There is a crow outside my window now on a branch just yards from me. He is making quite a racket, an amazing racket. So much more than the caw, caw, caw people know and expect. This crow is clucking, purring, and even seems to sing. Just a moment ago I heard a grinding giggling sound followed by a clicking sound then his full-throated caw, caw caw. Some of the caws sound nasally, but how could a crow have a nasally call?
Whatever this crow is doing, it is working if he’s trying to attract attention. I hear other crows now making grinding barking cawing sounds. Still others in the distance, maybe circling above. I like crows. I especially like crows in the fall of the year when they alone seem alive on a dead grey afternoon. It is very reassuring to have them around screaming the way they do.
I remember one of my first experiences of crows. I was very young at my grandparents’ house on a late autumn day. Parents let children play outdoors alone back then, even very young boys like me, and my grandmother wrapped me up extra tight against the cold and advised me that I might find other children down the block and out I went.

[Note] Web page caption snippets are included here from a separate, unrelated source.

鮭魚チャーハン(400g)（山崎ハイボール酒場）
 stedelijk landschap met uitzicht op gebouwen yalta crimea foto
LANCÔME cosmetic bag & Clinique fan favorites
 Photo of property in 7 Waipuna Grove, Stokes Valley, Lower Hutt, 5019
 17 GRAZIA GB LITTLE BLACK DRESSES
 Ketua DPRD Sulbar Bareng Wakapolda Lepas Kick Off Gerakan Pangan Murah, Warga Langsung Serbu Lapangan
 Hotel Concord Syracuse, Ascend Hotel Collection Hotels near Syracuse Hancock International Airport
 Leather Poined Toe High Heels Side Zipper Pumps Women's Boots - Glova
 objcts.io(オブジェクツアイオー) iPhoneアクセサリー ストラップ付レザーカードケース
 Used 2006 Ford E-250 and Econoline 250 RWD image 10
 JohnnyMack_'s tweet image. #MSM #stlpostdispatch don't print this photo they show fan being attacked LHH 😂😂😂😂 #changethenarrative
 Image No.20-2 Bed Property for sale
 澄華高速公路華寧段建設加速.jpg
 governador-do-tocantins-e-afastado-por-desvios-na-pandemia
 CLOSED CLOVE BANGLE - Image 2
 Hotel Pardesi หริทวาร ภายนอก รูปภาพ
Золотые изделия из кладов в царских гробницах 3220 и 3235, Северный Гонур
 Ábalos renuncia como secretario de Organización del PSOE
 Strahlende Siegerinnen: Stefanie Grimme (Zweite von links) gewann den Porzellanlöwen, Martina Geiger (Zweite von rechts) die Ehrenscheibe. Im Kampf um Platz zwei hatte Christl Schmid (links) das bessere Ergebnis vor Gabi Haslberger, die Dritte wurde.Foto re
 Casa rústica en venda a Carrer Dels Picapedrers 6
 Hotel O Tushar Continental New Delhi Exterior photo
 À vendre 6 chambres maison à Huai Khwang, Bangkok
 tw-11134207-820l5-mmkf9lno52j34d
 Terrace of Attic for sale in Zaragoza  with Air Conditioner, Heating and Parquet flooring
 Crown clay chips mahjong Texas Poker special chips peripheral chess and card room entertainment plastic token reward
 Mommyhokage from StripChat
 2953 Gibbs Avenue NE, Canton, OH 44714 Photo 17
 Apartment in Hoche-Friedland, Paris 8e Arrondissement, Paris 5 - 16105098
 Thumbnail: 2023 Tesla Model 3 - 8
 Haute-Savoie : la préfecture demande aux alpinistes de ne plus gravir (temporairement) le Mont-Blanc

But I didn’t find any other children; I just walked down the street. It was cold, a dry crisp cold. I can’t say for certain what it was, but I remember a scent in the air that was bitter and sharp. Perhaps an old coal furnace still burned down by the river and the scent of it lingered up into our neighborhood.
What really stands out in this memory, though, are the crows. They circled above the church at the end of the block and littered a large bare tree that stood frozen and still on the boulevard there. Against the flat grey sky the crows looked like drops of ink spattered here and there. Their absolutely distinct silhouettes fascinated me. The crows were sharp and alive, but had absolutely no depth or detail. I must have stood on the sidewalk looking at those crows for nearly all of the time I was out of the house. They were beautiful to look at and before I turned to go back to the house, I wondered where the crows would go that night.
The crows outside my window have left. Here and gone!